** Opening Given data block **

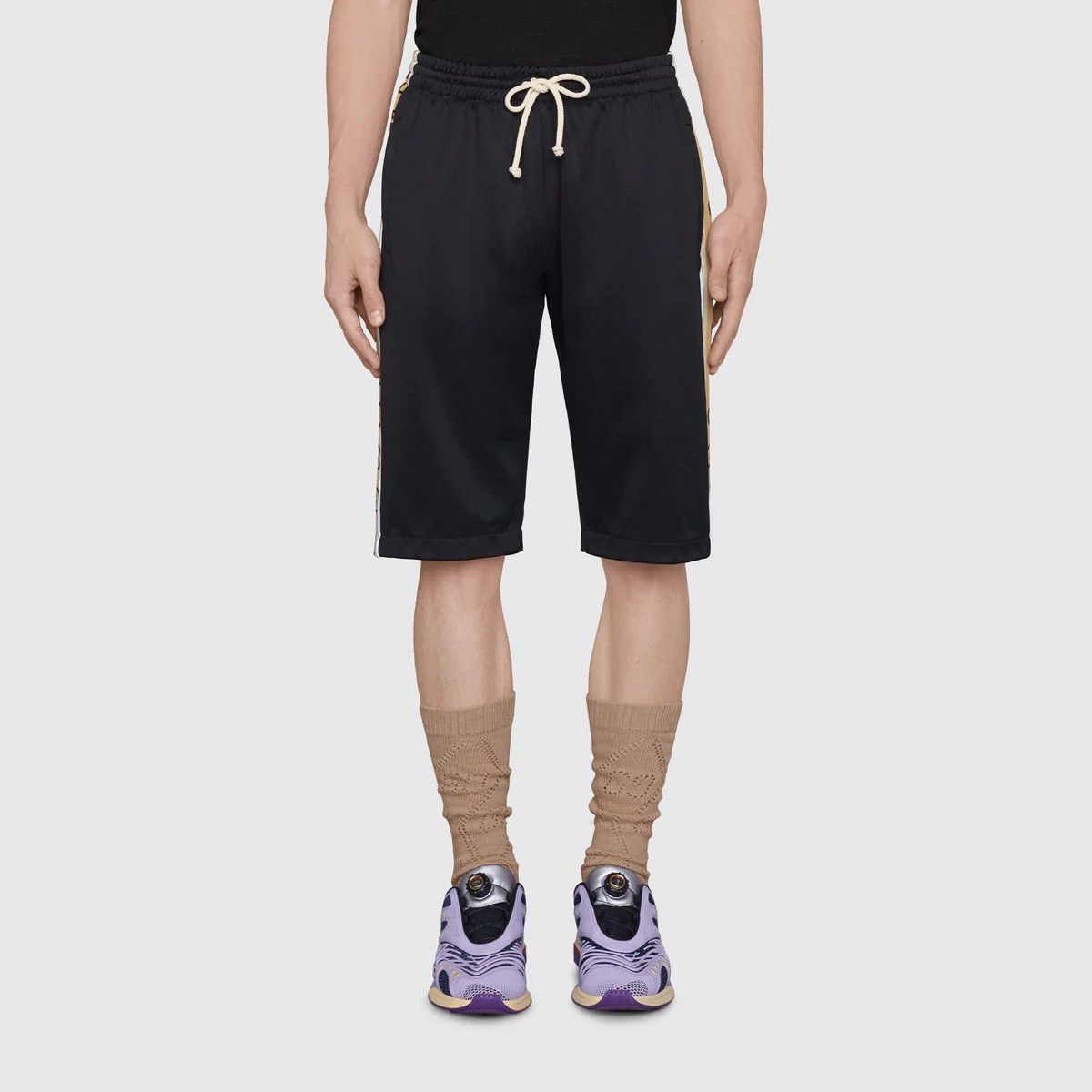 Gucci o1s1wg110925 Technical Jersey Shorts in Multicolor Size US 32 / EU 48 - 3 Thumbnail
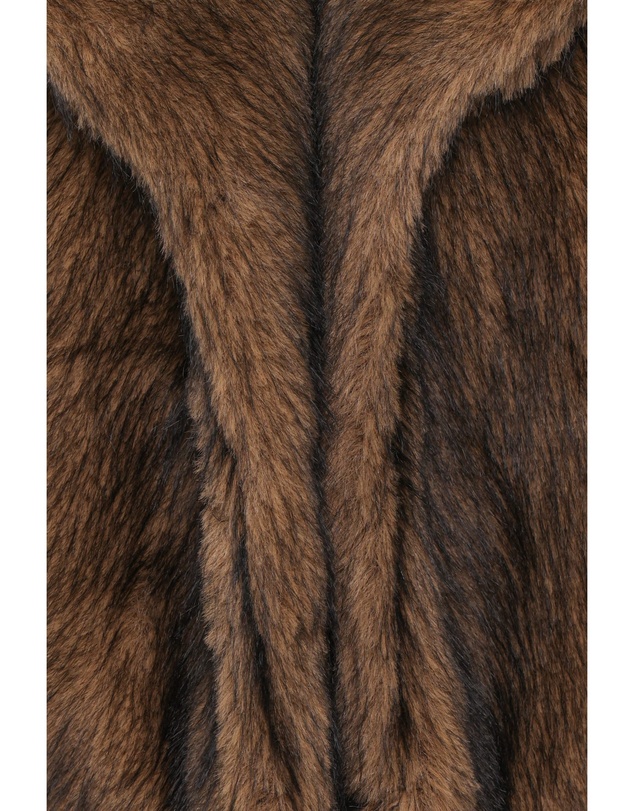 Petal & Pup - Carmie Fur Collared Jacket - Brown
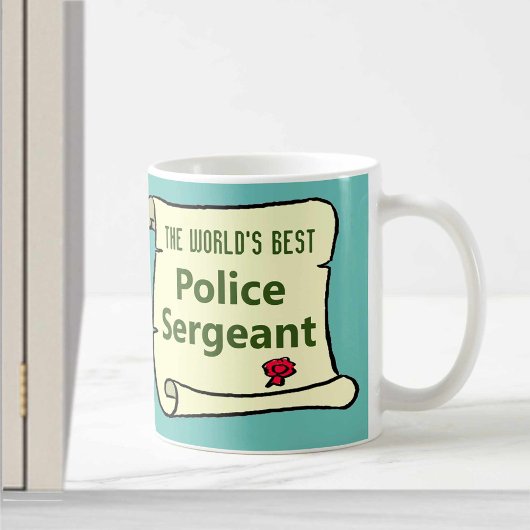 Der beste Polizeibeamte der Welt. Kaffeetasse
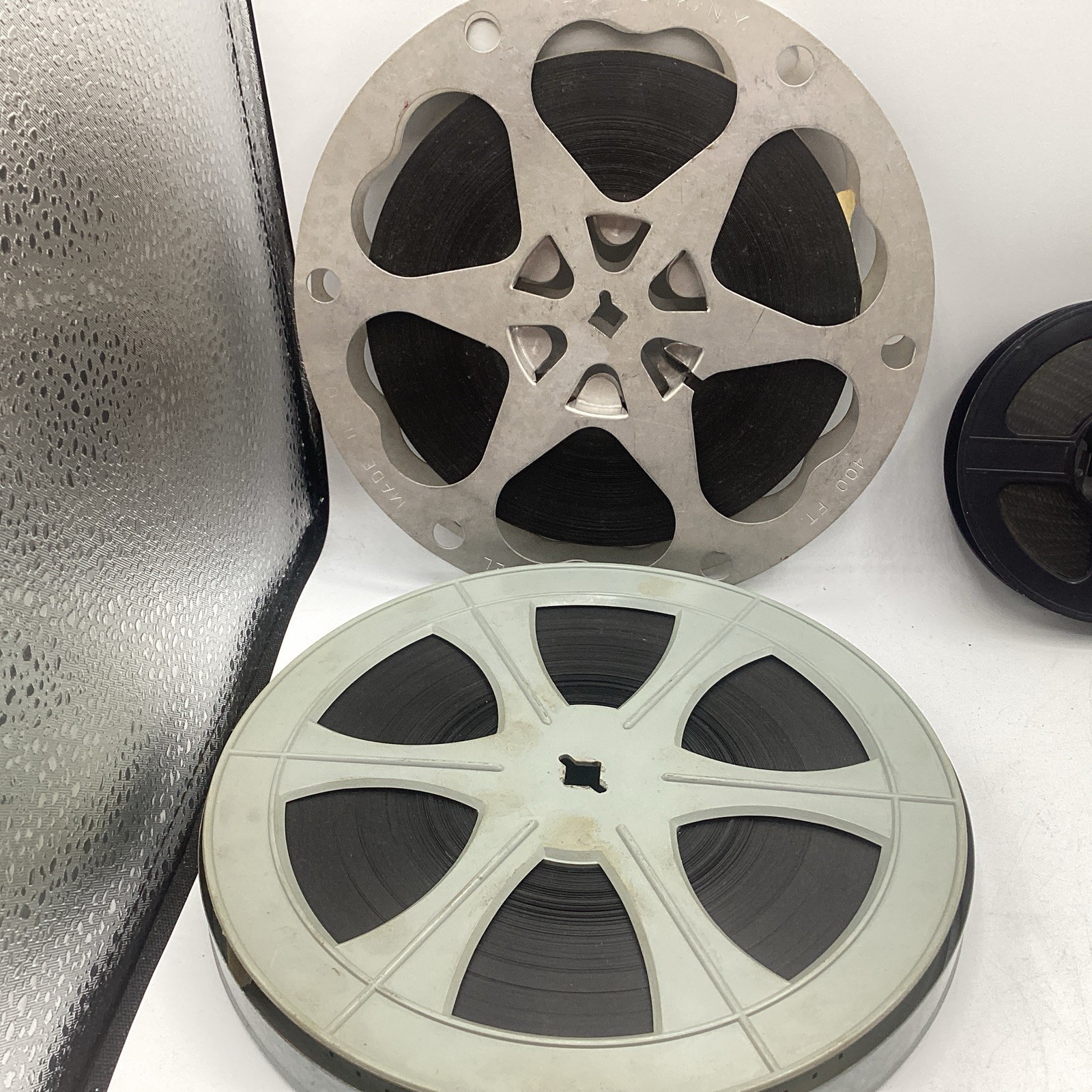 8mm Film Reels Metal Vintage Mix Lot 4 Empty 4 Full Home Movies Vacation Viewer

** Closing Given data block **

Starting with the line that contains "Petal & Pup" and ending with the last line of the material, every line must be written out exactly; no other lines and no pictures are wanted.

### [Response area]
 Petal & Pup - Carmie Fur Collared Jacket - Brown
 Der beste Polizeibeamte der Welt. Kaffeetasse
 8mm Film Reels Metal Vintage Mix Lot 4 Empty 4 Full Home Movies Vacation Viewer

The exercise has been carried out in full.